Off the bat, Raleigh made sense as a host destination for LEAD’s annual conference. The city has a thriving arts community and infrastructure — its nickname is “Smithsonian of the South.” And the Raleigh Convention Center (RCC) has made accessibility a major priority as one of only nine convention centers in the country to have earned KultureCity’s Sensory Inclusive Certification, which means both the facility itself and staff have met certain standards for accommodating people with autism and special sensory needs.

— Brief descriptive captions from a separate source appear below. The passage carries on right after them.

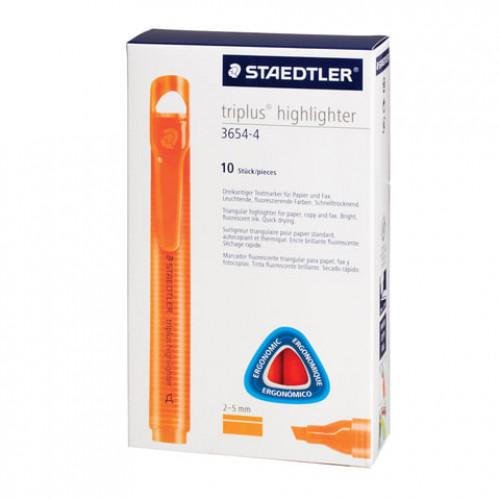 Текстовыделитель STAEDTLER (Германия) Triplus, НЕОН ОРАНЖЕВЫЙ, трехгранный, линия 2-5 мм, 3654-4
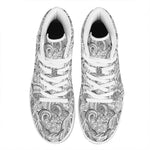 Zentangle Flower Pattern Print High Top Leather Sneakers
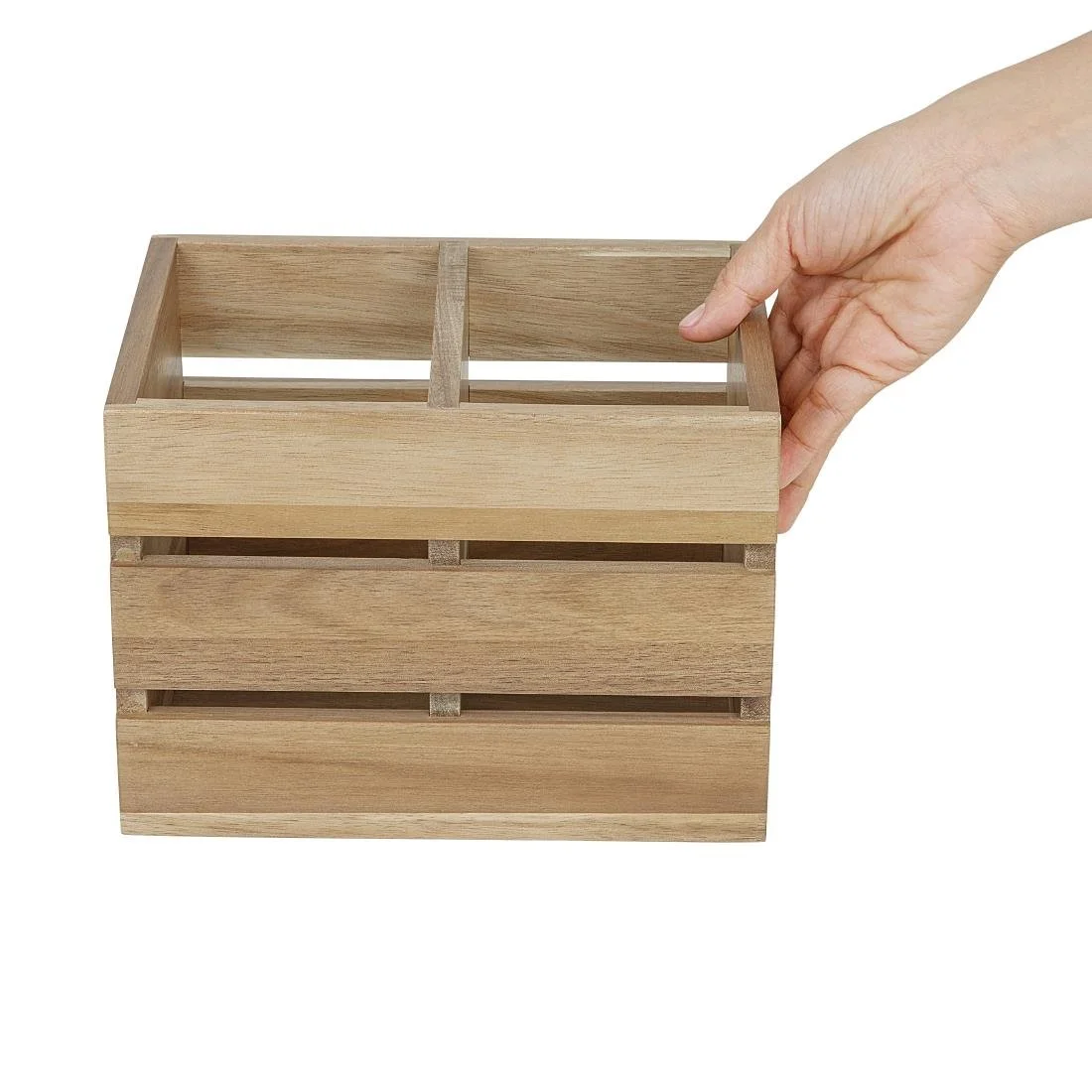 Olympia Table Organiser Acacia Wood 210x160x150mm - Image 4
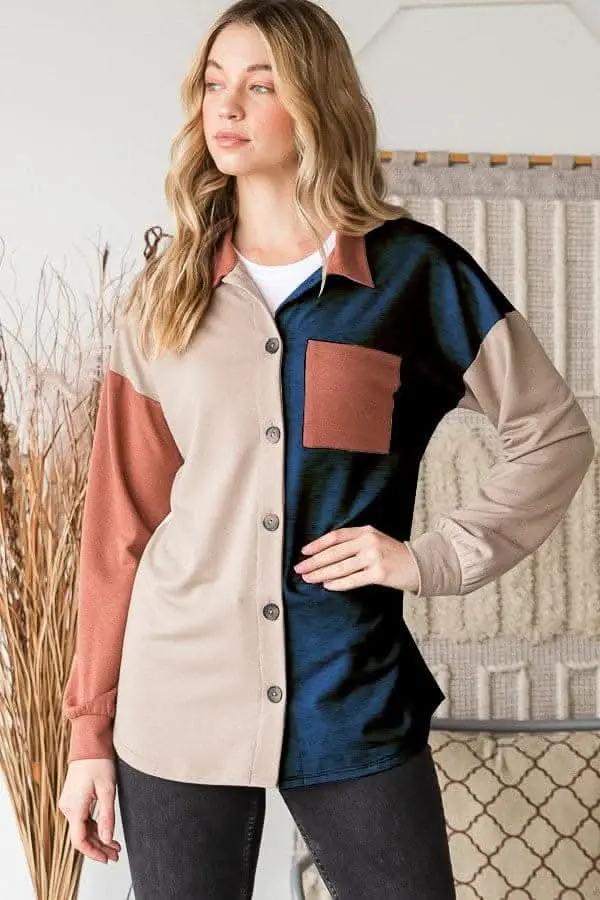 Accessories Trendsi Shirts - Color block button-down shirt - Premium Quality
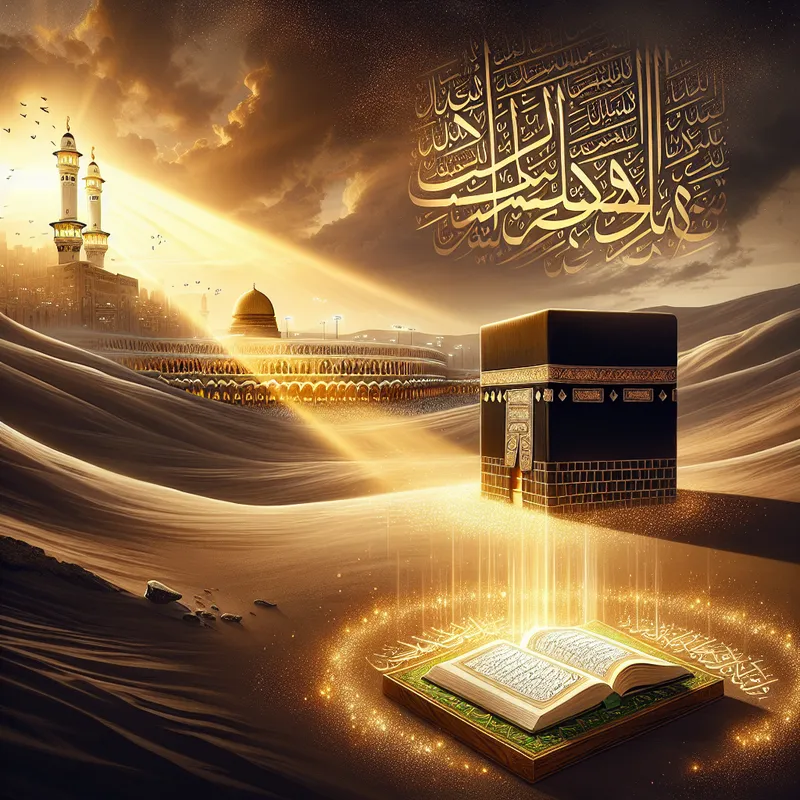 Serenity of the Sacred Desert - The calm desert basks in the golden light of sunrise, with the distant Al-Masjid Al-Haram and glowing Kaaba providing a spiritual backdrop. A Qur’an on a wooden stand in the foreground is bathed in a heavenly beam. Above, the Arabic calligraphy reads: "عبد الله – حامل القرآن – داعية الحق" (Bondservant of Allah – Carrier of the Qur’an – Caller to the Truth). Below, the English phrase: "My mission is for Allah alone. Distraction has no place in my heart." The color palette includes deep gold, black, and white, with accents of emerald green to symbolize life and hope. - AI image generated with DALL-E 3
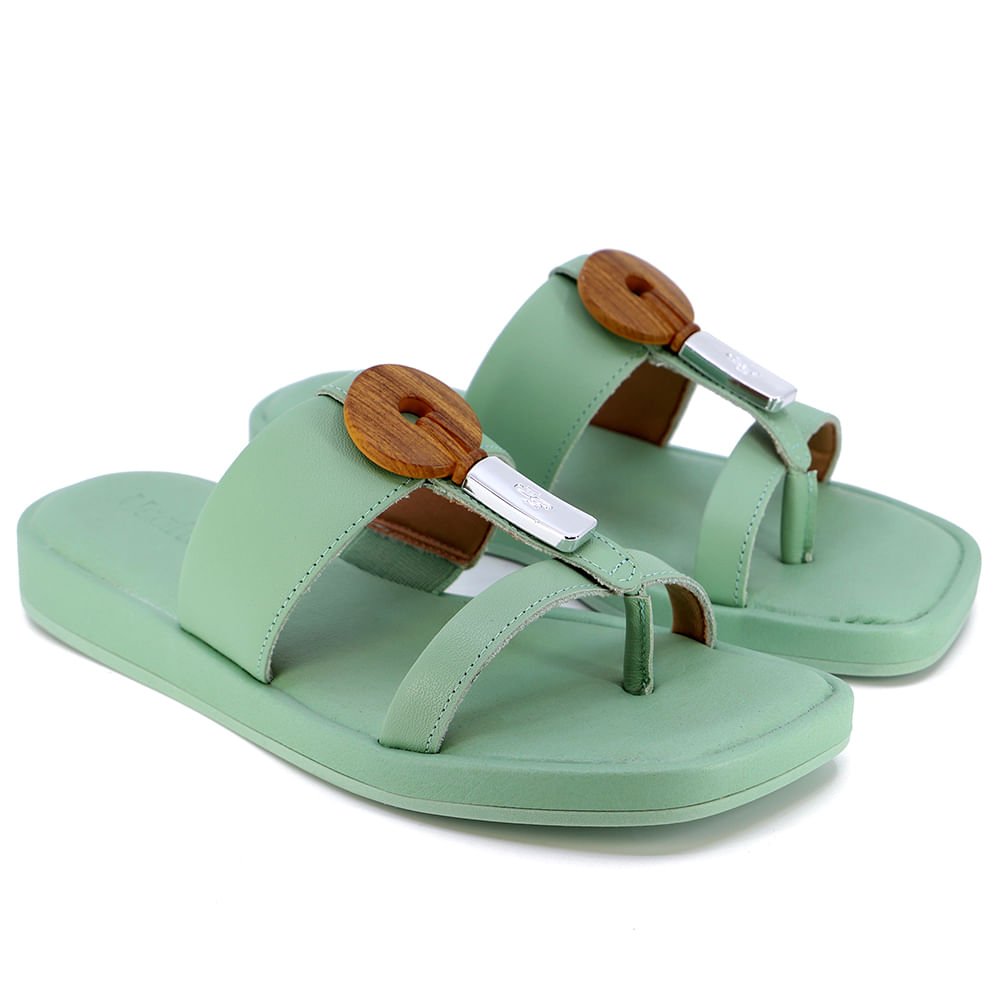 Rasteira Verde Aqua Salto Plataforma Couro Verde 2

A significant portion of LEAD’s nearly 800 attendees included people with disabilities, as well as half of its presenters. That included unseen disabilities as well as physical, like impaired hearing and vision and limited mobility. Those diverse needs combined with the subject matter motivated the RCC team to level up their venue’s accessibility to a higher standard. That meant working closely with LEAD to walk through what attendees would require logistically but also experientially to ensure they could fully interact with every element of the conference.
“They kept [saying] this phrase when we were planning — ‘Nothing about us without us,’” said Kerry Painter, CEM, CMP, CFE, general manager and director of the Raleigh Convention and Performing Arts Complex. That phrase is commonly used by people with disabilities and organizations representing them as it pertains to policies that affect their lives and participation. “You really start to understand it as you see these accommodations happening that, when you don’t need them,” Painter said, “you just miss them.”
Painter recalled one moment that crystallized the importance of this phrase. While learning about service dogs in training, an activation held in the RCC lobby during the LEAD conference, Painter was chatting with a planner as well as an attendee with impaired speech and hearing. About midway through the conversation, Painter noticed that the planner kept looking over the attendee’s shoulder at their phone — the attendee was using a speech-to-text app. “I realized that what I was saying was feeding into the phone, [the planner] was reading it, and the attendee was reading what the planner was saying into the phone,” said Painter. “It was just a moment where I realized there are so many tools and pieces that we don’t think about that make their day work so much better.”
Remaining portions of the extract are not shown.